Bjørn Vermo bv at norbionics.com
Fri Sep 21 10:38:34 UTC 2012

On 21. Sep, 2012, at 01:38 , Robert Relyea wrote:

> On 09/20/2012 01:56 AM, Ryan Hurst wrote:
>> I personally do.
> As a security person, I would agree with you. As someone who at one  
> point implemented this for a short period in what was a major  
> browser at the time (early Netscape days), I can say there is a  
> definite difference in the number of false positives. In the  
> revocation case, there is very close to zero false positives. If I  
> get an indication that the cert was revoked, I can be extremely  
> confident that the cert is bad and that there is no reasonable  
> reason the user should be able to override blocking the site. In the  
> expiration case, there is a relatively high rate of false positives,  
> that is certs that are expired because the admin forgot to renew  
> them. The number of expired certs which are actually being used as  
> attacks versus the number of expired certs that exist because of  
> misconfiguration is small, so not allowing the user to override them  
> generates bad will with the users (though we have progressively made  
> overriding less friendly to users, which has reduced the actual  
> number of expired certs active at any time in the wild).
> We agree that expired certs are bad, and we treat them as untrusted,  
> but because there is a high incidence of false positives, we allow  
> them to be overridden (just like untrusted is overridable).

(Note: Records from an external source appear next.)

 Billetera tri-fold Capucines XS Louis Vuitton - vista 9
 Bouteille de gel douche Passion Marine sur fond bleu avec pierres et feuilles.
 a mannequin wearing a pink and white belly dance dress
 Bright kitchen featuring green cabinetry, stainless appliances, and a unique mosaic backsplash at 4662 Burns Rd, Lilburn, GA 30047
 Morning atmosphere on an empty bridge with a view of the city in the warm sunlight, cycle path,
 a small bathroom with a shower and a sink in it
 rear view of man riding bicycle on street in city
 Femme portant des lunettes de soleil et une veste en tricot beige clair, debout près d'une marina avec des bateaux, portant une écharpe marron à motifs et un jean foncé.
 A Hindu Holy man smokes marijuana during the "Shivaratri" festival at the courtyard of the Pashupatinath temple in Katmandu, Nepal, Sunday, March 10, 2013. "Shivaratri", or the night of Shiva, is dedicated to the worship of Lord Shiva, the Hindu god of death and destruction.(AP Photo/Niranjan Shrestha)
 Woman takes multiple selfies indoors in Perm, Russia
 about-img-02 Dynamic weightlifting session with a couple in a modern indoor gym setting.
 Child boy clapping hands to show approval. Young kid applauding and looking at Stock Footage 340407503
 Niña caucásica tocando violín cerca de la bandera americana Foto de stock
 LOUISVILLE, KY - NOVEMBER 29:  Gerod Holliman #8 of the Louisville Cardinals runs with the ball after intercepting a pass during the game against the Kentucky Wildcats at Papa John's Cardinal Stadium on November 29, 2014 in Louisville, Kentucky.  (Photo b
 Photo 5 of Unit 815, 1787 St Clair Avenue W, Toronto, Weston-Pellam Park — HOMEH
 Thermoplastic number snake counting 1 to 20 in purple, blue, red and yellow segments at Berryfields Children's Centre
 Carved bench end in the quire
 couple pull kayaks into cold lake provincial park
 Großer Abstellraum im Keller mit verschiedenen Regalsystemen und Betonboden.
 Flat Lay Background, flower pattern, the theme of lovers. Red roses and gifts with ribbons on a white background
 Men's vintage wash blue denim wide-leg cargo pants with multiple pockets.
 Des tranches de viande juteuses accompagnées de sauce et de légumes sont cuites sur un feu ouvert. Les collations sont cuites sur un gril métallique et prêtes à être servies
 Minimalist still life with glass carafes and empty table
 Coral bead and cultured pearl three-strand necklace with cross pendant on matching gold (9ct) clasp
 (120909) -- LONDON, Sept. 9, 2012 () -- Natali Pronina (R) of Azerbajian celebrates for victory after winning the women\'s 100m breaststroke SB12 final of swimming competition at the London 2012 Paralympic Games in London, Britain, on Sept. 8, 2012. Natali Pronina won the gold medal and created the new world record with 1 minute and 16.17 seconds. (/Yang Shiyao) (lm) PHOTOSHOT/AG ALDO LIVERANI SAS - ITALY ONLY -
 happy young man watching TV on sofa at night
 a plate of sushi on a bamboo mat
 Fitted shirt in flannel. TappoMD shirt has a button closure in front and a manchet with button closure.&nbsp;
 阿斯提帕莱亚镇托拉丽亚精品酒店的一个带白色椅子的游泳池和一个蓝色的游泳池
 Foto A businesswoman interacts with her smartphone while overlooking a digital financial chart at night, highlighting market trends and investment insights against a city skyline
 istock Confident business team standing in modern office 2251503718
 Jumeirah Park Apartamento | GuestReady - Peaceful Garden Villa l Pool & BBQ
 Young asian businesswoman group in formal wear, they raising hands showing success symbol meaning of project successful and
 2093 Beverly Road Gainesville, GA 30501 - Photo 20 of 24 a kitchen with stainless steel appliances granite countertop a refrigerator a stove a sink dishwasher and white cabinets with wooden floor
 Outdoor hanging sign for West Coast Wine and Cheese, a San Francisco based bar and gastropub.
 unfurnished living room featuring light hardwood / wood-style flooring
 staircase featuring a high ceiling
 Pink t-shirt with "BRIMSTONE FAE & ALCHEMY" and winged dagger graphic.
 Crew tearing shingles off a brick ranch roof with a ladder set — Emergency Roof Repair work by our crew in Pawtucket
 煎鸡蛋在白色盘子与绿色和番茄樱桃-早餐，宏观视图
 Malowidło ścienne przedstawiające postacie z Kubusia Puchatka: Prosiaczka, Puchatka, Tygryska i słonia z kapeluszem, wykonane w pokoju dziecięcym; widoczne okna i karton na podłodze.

On the other hand, there used to be a different set of "false  
positives" that has almost disappeared. Early on, it was not uncommon  
that even serious companies forgot to renew their domain. People could  
suddenly not reach their website. Because of that drastic consequence,  
this hardly ever happens any more.

One might also wonder if a site that is not able to keep their  
certificates current and valid also has lax routines in other areas,  
so that a lack of trust is appropriate.